Independent Australian Cost Guides
Updated July 2026

Power Point Installation Cost: Per-Point Pricing Explained

power point installation cost Australia - electrician cost

Never enough power points — the most Australian of household complaints, and one of the cheapest to fix properly. What's The Damage's July 2026 re-verification across 90+ sources puts a new power point at $150–$250 per point installed nationally, with $180 typical. Here's how per-point pricing works, what moves it, and why batching the whole house into one visit is the smart play.

How per-point pricing works

Power points are the rare electrical job priced like a menu: per point, not per hour. Nationally a new power point runs $150–$250 installed with $180 typical, and that figure bundles the things an hourly quote would itemise — the outlet hardware, the cabling back to the circuit, the switching, the testing and the certification. Per-point pricing exists because the work is repeatable, and it quietly favours the organised customer: the electrician's travel and setup are paid once, so every additional point added to the same visit is cheaper for them to deliver — which is exactly why multiples are commonly quoted keener than the first point, and why the whole-house list beats the one-off request every time.

JobLowTypicalHigh
New power point installation$150$180$250
Safety switch installation$150$230$350
Call-out / service fee (context)$50$90$150
Electrician hourly rate (context)$80$115$150

What moves a point up or down the band

Within $150–$250, position is destiny. A new point on an accessible internal wall near an existing circuit sits at the bottom of the band. The price climbs with anything that slows the cable run: brick or masonry walls that need chasing, double-storey runs, ceiling or underfloor access that's tight or missing, and long distances from the nearest suitable circuit. Specification nudges it too — a double outlet over a single, built-in USB charging, weatherproof outdoor points, and higher-rated points for heavy appliances all sit above the plain single. And circuit capacity is the quiet variable: a new point must land on a circuit with headroom for it, and where the existing circuit is already working hard, the honest fix involves more than a point.

Placement: where points can and can't go

The wiring rules put sensible boundaries around placement — clearances from sinks, tubs and water sources in wet areas, height and positioning conventions, weatherproofing outdoors — and a licensed electrician carries those rules in their head, which is part of what the per-point price buys. The productive way to use that knowledge is to plan placement around real life rather than habit: bedside points at reachable height, a bank of points where the home office actually is, kitchen bench points where appliances live rather than where the builder guessed, an outdoor point near where tools and mowers get used, and dedicated points behind wall-mounted TVs so cables disappear. Walk the house with tape on the walls before the electrician arrives; moving tape is free, moving a finished point is a new job.

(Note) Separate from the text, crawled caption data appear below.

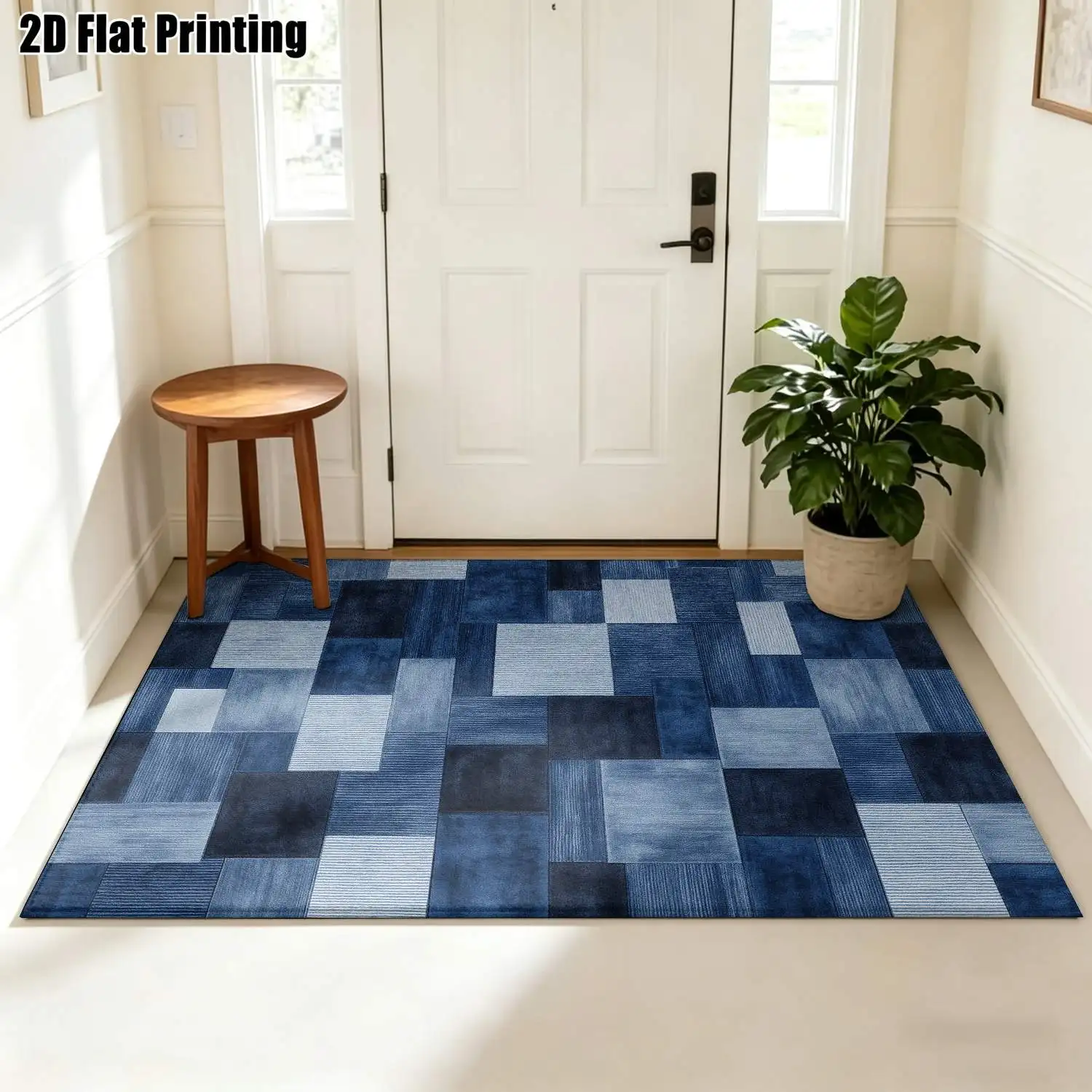 1Pc 2D Printed Carpet: Blue-White Geometric Patchwork, Nordic/Instagram Style, Modern Minimalist Vintage European Decor, Multi-Size, Machine Washable, for Entrance, Dining, Foyer, Bedroom, Living Room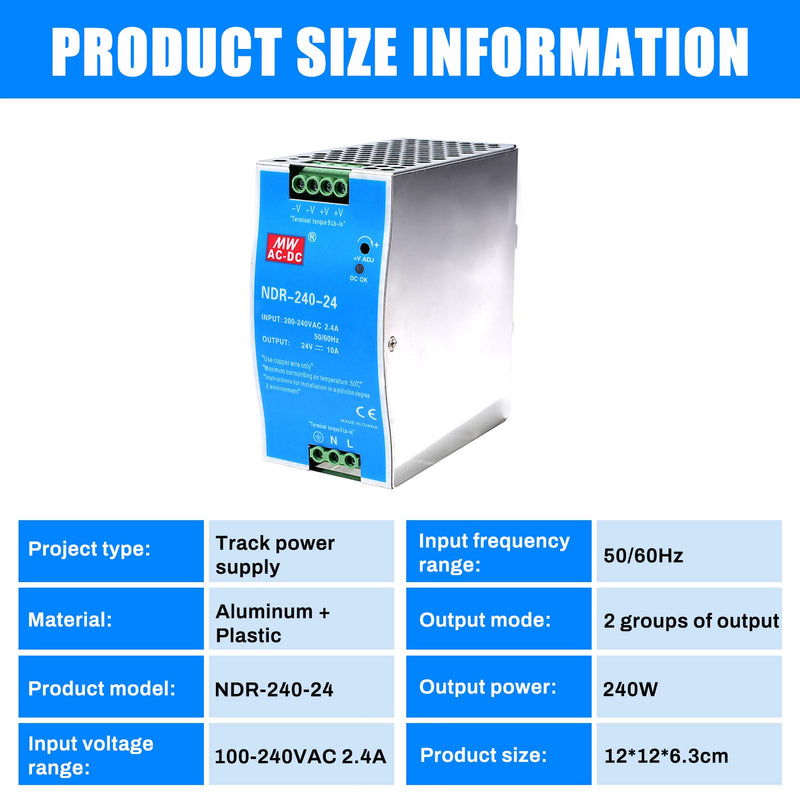 [AUSTRALIA] - 240W DIN Rail Power Supply 24V DIN Rail Switching Power Supply Input AC 100-220V 2.4A Output DC 24V 10A Multiple Protection Functions Industrial Model NDR-240W-24V 240W-10A 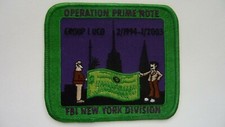 FBI Patch: OPERATION PRIME NOTE - New York Undercover Opt 1994-2003 - Purple #58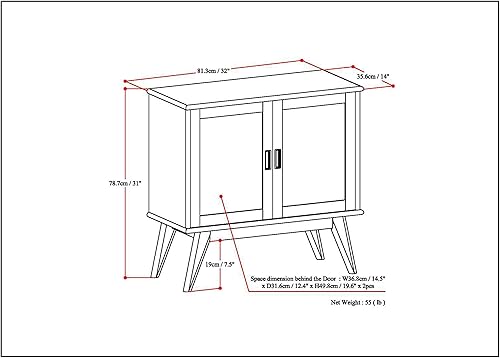 Miniatura 2 de SIMPLIHOME Draper - Armario bajo de madera maciza de 32 pulgadas de ancho, moderno de mediados de siglo, color marrón caoba medio, para sala de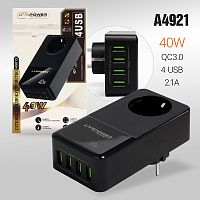 сетевой фильтр live-power h5012 розетка + 4usb qc3.0, 40w 5v/2,1a черный  фото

where to add power points in a home - electrician cost

The safety switch that should ride along

Every power point conversation should include one question: is this circuit protected by a safety switch? Safety switches — RCDs — cut power in a fraction of a second when current leaks where it shouldn't, and they're the difference between a faulty appliance being an inconvenience and being a tragedy. Modern homes have them across the board; older homes often have them on some circuits and not others. At $150–$350 per switch installed, adding protection to an unprotected circuit while the electrician is already on site is among the best safety money in the house — the call-out is already paid, and the switch outlives every appliance it will ever protect.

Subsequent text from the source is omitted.